Three cheers for Kentucky Youth Advocates in calling for stricter laws on all-terrain vehicles to protect young riders because of a growing number of fatal crashes in Kentucky.

Thirty-seven people lost their lives in ATV crashes in Kentucky last year. Fourteen of them were children ranging from 4 to 16 years of age. Moreover, in the last 20 years, at least 105 minors have died in ATV crashes in the state. Little wonder the child advocacy group is urging the Kentucky General assembly to make ATV safety a top priority. Among other things, Kentucky Youth Advocates is recommending legislation be enacted to require all minors operating ATVs to wear approved helmets at all times, to forbid the hauling of passengers on one-person machines, stop dealerships from selling adult-size ATVs for children and requiring training classes for everyone using an ATV.

Enacting tougher legislation is a starting point, but Kentucky law already requires the use of helmets when riding ATVs on public land, establishes engine size limits for youth and prohibits their operation on public roads unless for commercial purposes or to cross a highway. Tougher laws won't be worth the paper they're written on unless parents wake up to the dangers to which their children are being exposed and take responsibility for their protection.

Sadly, many parents apparently never take safety into consideration when purchasing motorized toys for their children, and ATVs are but the tip of the iceberg. During the spring, summer and fall months, and on mild winter days, youngsters can be found on the streets of numerous Winchester subdivisions riding mopeds or driving go-carts.

Both can be every bit as dangerous as ATVs because they are small, low to the ground and offer their riders virtually no protection. And protection can be critical when operating in a street populated with much larger cars and trucks. Even the smallest of cars or pickups can cause serious, perhaps fatal, injuries to any rider of a moped or go-cart that wanders into their path.

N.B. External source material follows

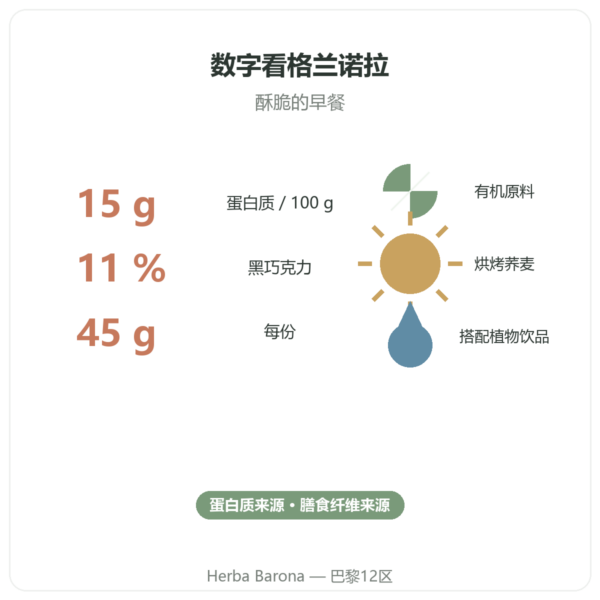 Nutripure 有机巧克力 Pure Granola 350 g 营养与数据 Paris Herba Barona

However, the problem with mopeds and go-carts in area subdivisions extends far beyond size issues. Most of those riding them on area streets are far too young to qualify for a driver's license. Many moped and go-cart operators appear to be 10-12 years of age, and some are even younger. To their credit, most wear helmets, but a helmet will do them little good if they pull into the path of a car or truck traveling 20-30 miles an hour.

Streets and roads are designed for cars and trucks, and those operating any form of motorized vehicle on them, even a battery powered moped or golf cart, or a gasoline-driven go-cart, must possess a valid operator's license. In Kentucky, that means they must be at least 16 years of age. The overwhelming majority of mopeds, go-carts and golf carts being operated on this community's streets are being operated by underage drivers, and for their safety, that needs to stop.

It needs to stop because it is illegal.

It needs to stop because it can be expensive, with fines and court costs of $150 to $250 or more for underage drivers, and possibly a delay in getting a legal operator's license until they are 18.

But most of all it needs to stop because it is extremely dangerous. No matter how much a parent may caution a child about being careful, children don't always pay attention, especially when several of them decide to ride together and perhaps attempt things a single rider might never do. Young operators aren't fully versed in the rules of the road, nor are they mature enough to deal with the challenges of operating in traffic, even light traffic.

Mopeds, go-carts and ATVs may appear to be fun, but a few minutes of fun is not worth a lifetime of regret because a child was crippled, maimed or killed while having "fun."